Architectural historian Margaret Culbertson writes about porch gliders. She finds the earliest version in an 1898 Ladies Home Journal. From then to 1925 inventors varied the theme. They used names like "Couch Hammock" and "Swinging Davenport." Porch gliders took their present form about the time a 1925 inventor gave us this new use for the word glider. He called his version a "Glide Hammock."


Porch glider
A typical porch glider. Photo by Margaret Culbertson


And what was all this glider business about? It was about giving us means to use our front porches in hot weather. It was about creating a comfortable cooling motion. The porch glider was the face of hot weather comfort in the 1920s. But then, you all changed the face of America. You gave us domestic air conditioning, and we moved off our porches. We no longer faced outward toward our neighbors. TV and air conditioning took us indoors or into our automobiles. Like any new technology, air conditioning reshaped us. And we are no longer a front-porch people.

Now, hang onto that idea, as I ask you to join me in a visit I made to San Antonio one hot August day about ten years ago. I'd gone there to name the Milam Building as a Mechanical Engineering Landmark. And I shall never forget the ghostly frisson that I felt as I left the hot street and entered the cool halls of this fine old 21-story Art Deco building. As if by witchcraft, the weather changed from awful to pleasant as I entered.

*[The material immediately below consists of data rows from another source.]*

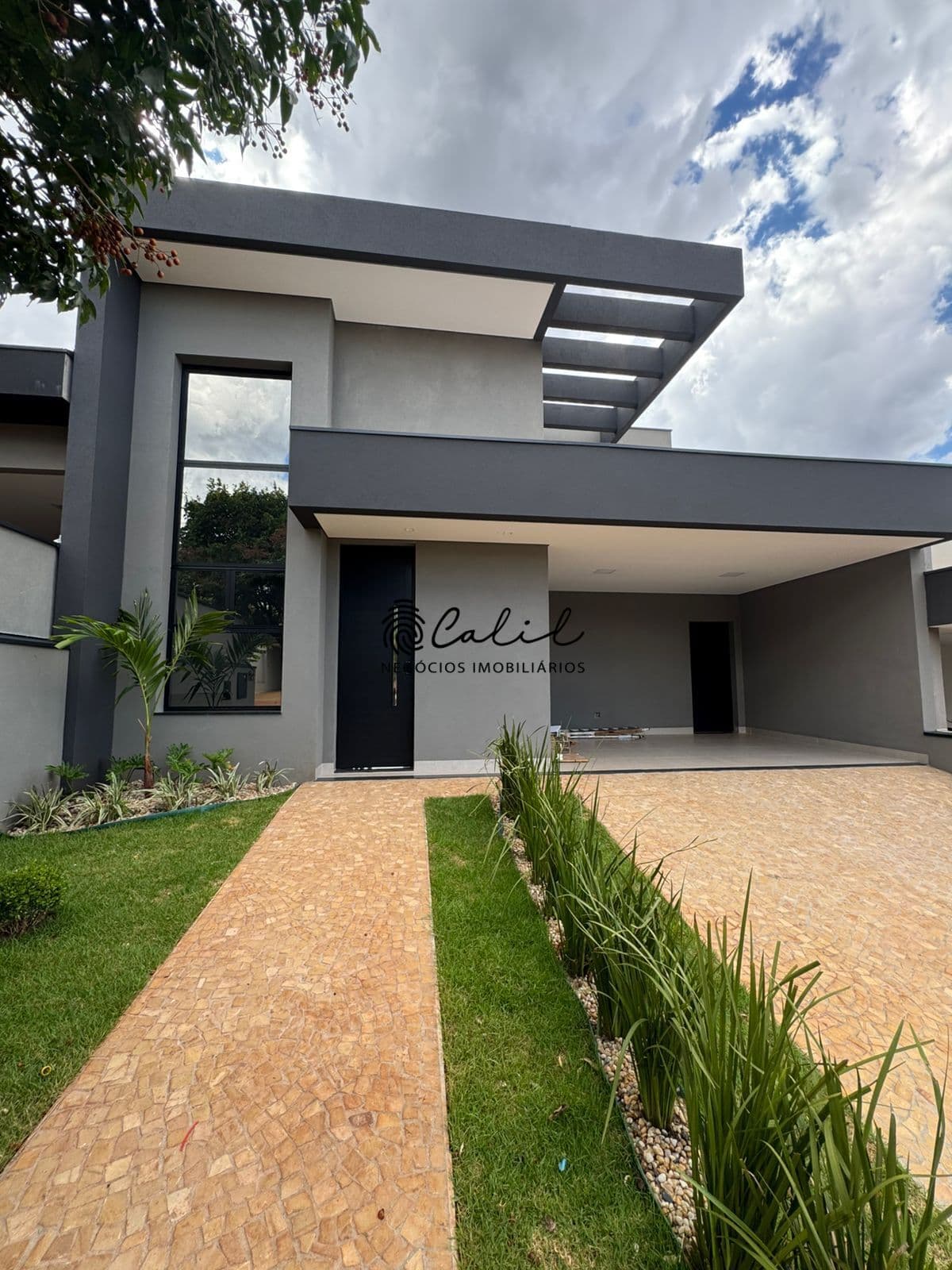 Casa térrea em condomínio com 3 suítes e piscina aquecida! R$ 1.350.000,00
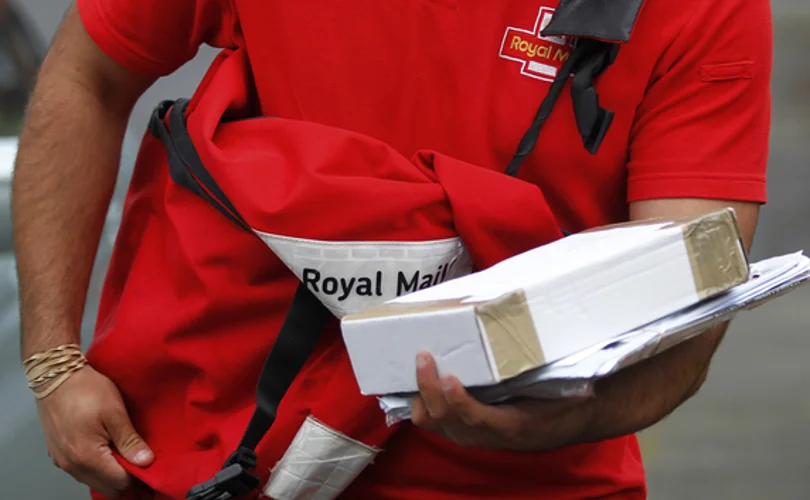 royal_mail_deliveryguy_cocoloves.jpg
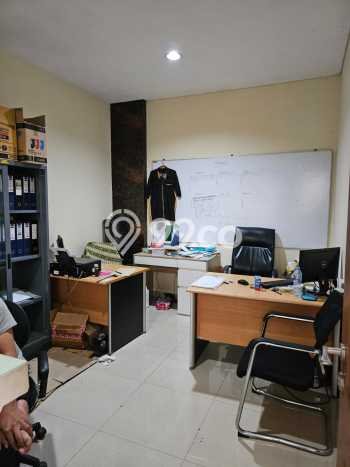 Kantor Bagus Dijual LB 2200m2 Lokasi Strategis Tangerang Selatan Area Cocok untuk Bisnis Kantor Bagus Dijual LB 2200m2 Lokasi Strategis Tangerang Selatan Area Cocok untuk Bisnis
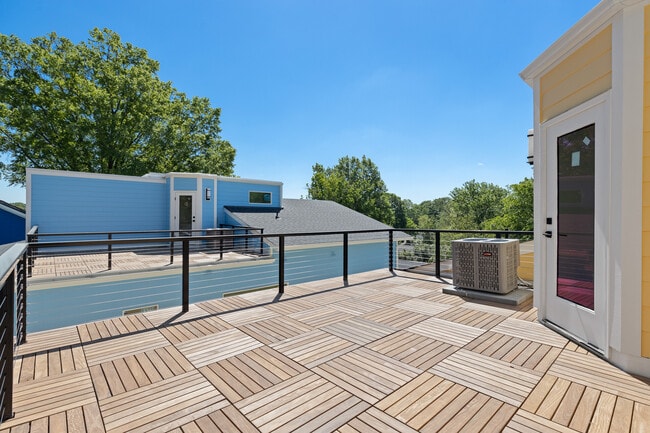 Rooftop patio - 737 Hopkins St (Durham, NC) Townhome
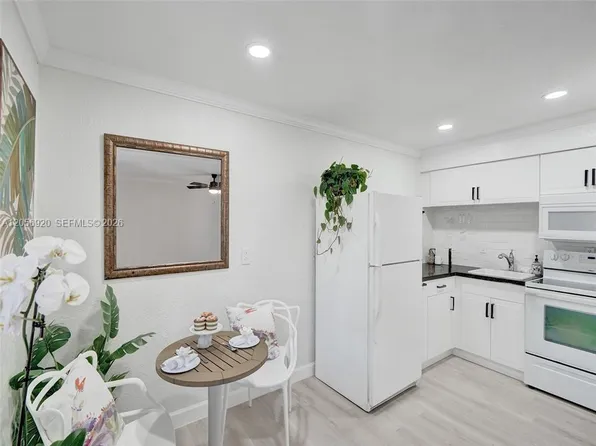 1808 NE 11th Ave APT 1, Wilton Manors, FL 33305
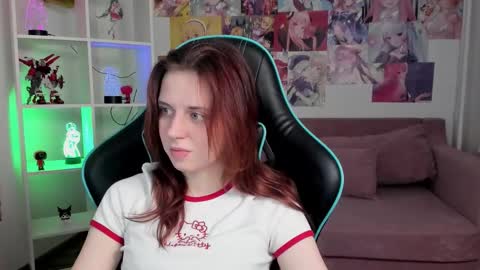 FreyaVey online show from March 2, 5:19 am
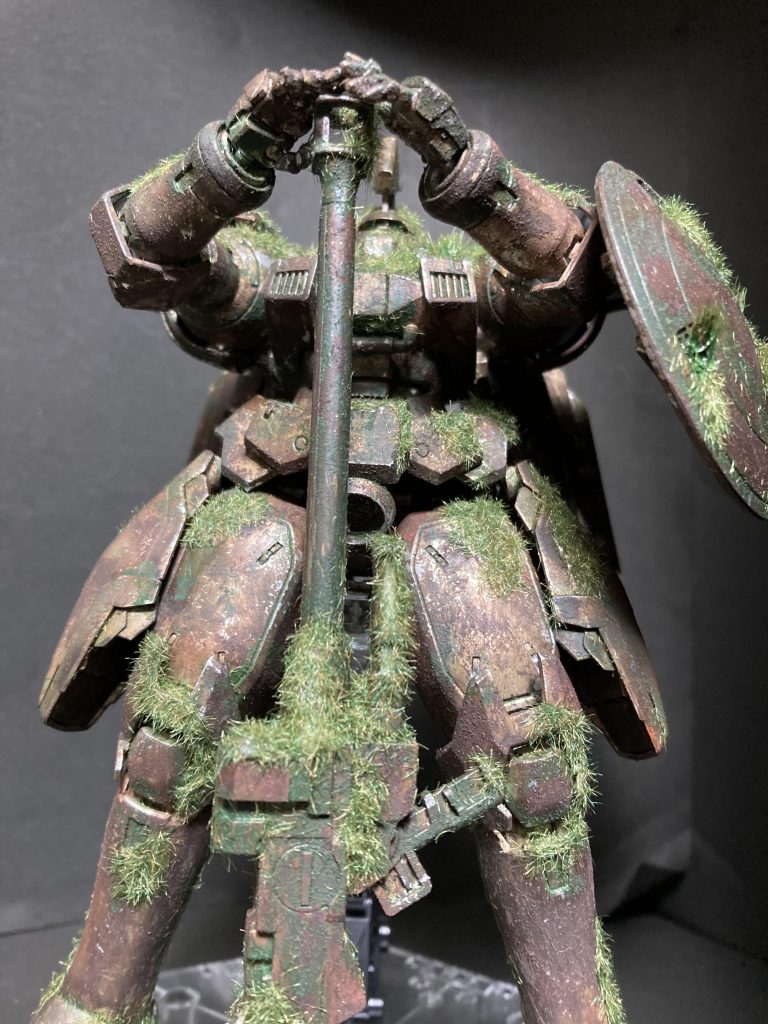 1000年経って機体が錆びてそこに苔や草が生えている状況を想定して塗装しました。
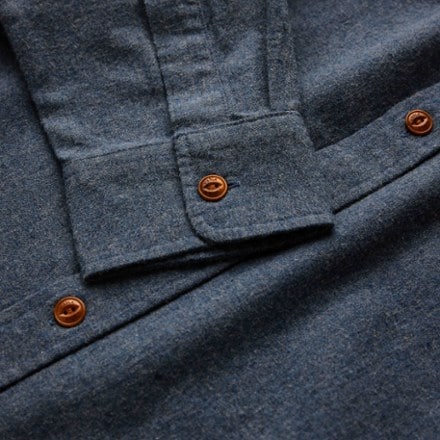 VISSLA Go-To Lightweight Flannel - Men's 3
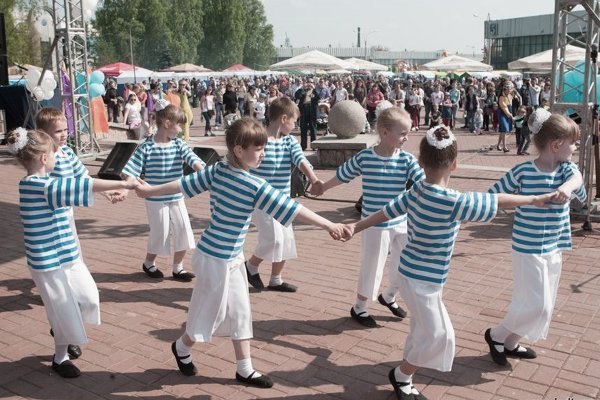 Фестиваль корюшки в Санкт-Петербурге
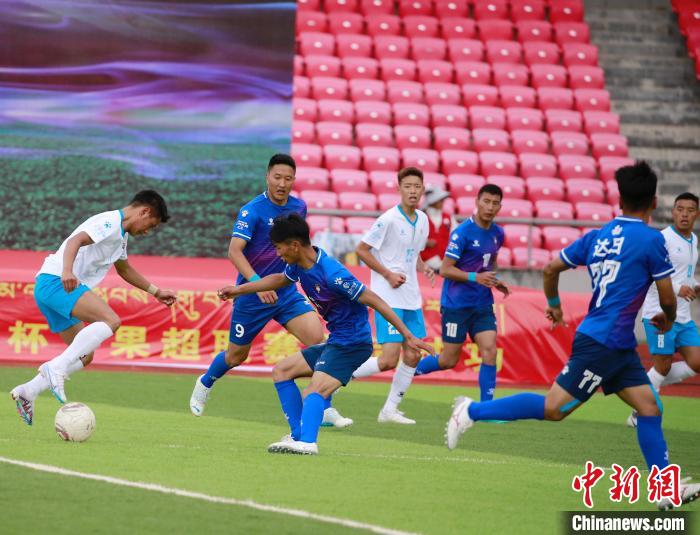 圖為班瑪隊(白)與達(dá)日隊在球場進(jìn)行比拼?！●R銘言 攝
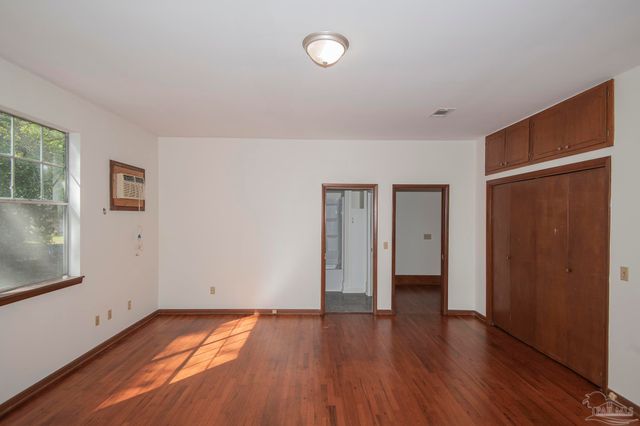 1725 N 15th Ave, Pensacola, FL 32503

That's something that we've all experienced, a thousand times. But this moment was different. For what I'd encountered was no ordinary witchcraft. You see, this was the first air-conditioned office building in the world. Inside, I met representatives of the Carrier Corporation. They were quite proud this day. In 1928, their company had installed the original system here. Of course everyone invoked the name of Willis Carrier. So let's meet Carrier.

witchHe was born in 1876, descended from an Andover, Massachusetts, woman who was one of those hanged as a witch at Salem. Carrier's mother also had some of that creative witchcraft. She had a mechanic's instincts. Carrier learned about math and machines from his mother.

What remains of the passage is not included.